▶ [PROBLEM DETAILS]:
Give the lines again exactly as they appear below, from the line with "morning walk outfit!" to the line with "#LTKootd #LTKActive #LTKdayinmylife", both included, and only those lines. Leave every picture out.

▶ [MATERIAL PROVIDED]:
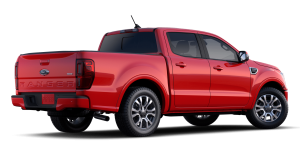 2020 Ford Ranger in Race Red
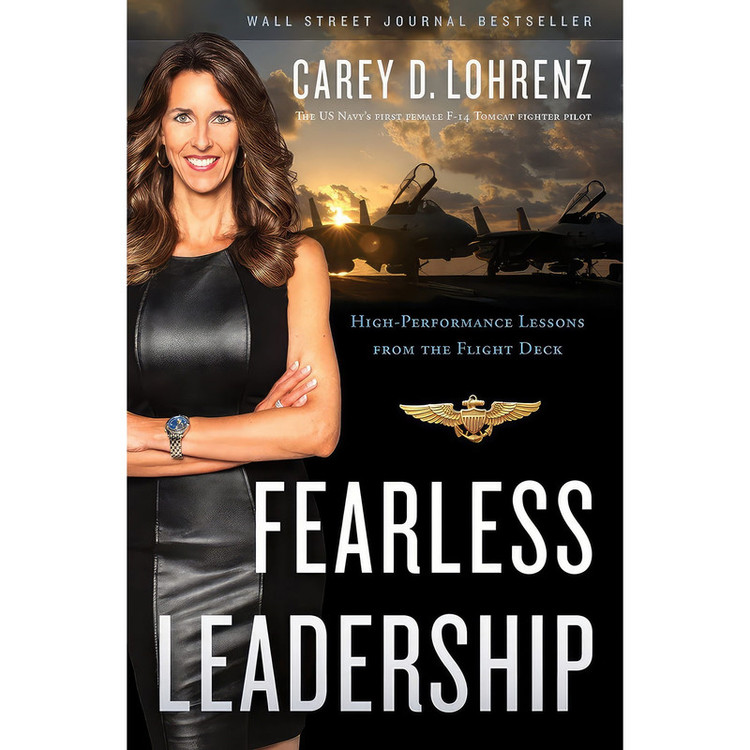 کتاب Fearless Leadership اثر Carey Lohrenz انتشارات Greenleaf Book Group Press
---
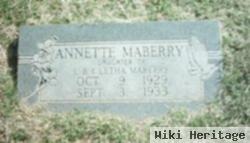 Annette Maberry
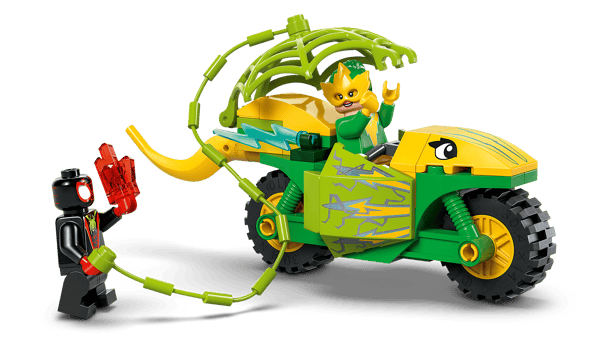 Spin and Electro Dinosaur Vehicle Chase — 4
--
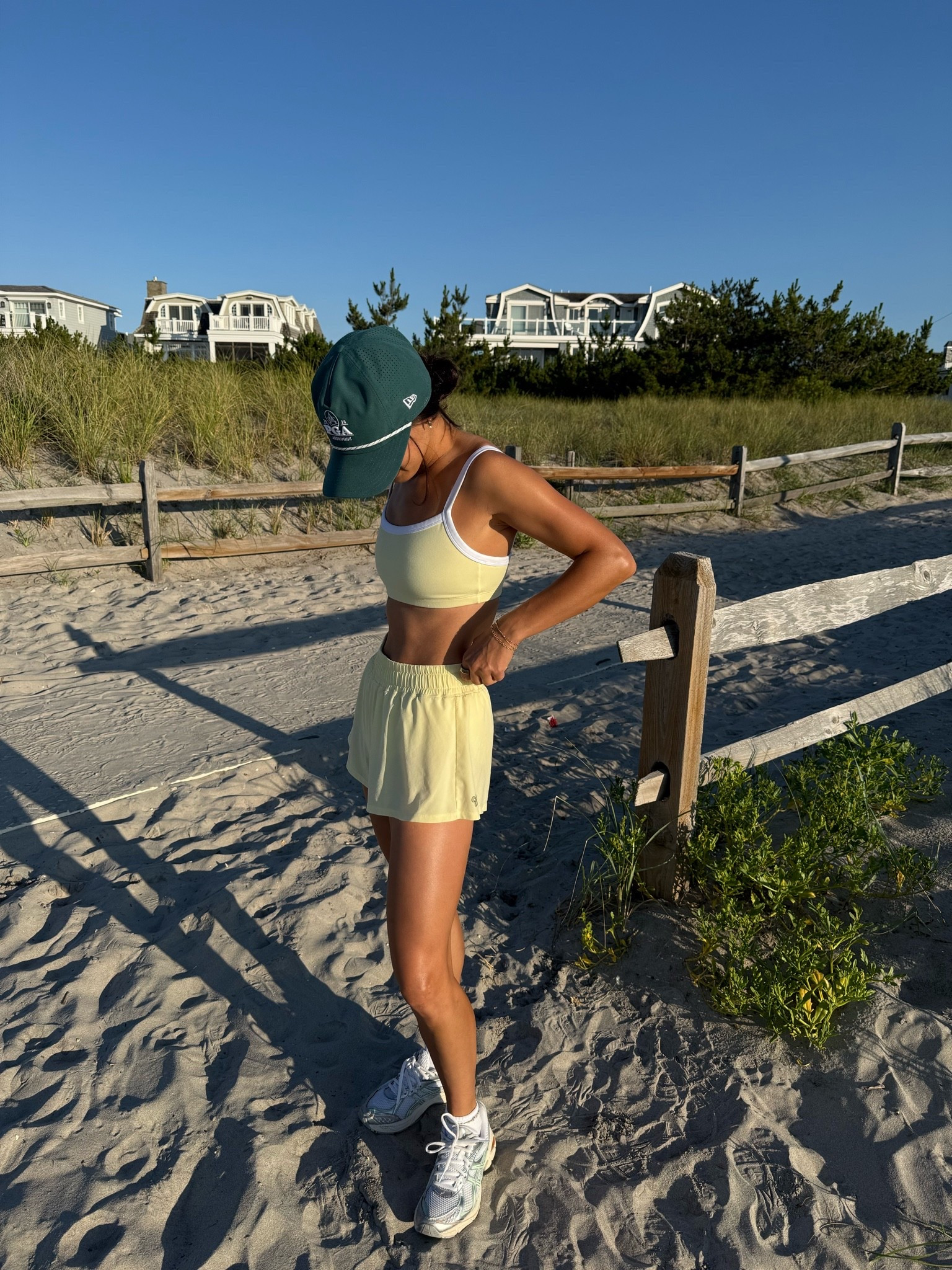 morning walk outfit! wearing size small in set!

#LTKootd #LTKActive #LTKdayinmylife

▶ [EXERCISE ANSWER]:
 morning walk outfit! wearing size small in set!

#LTKootd #LTKActive #LTKdayinmylife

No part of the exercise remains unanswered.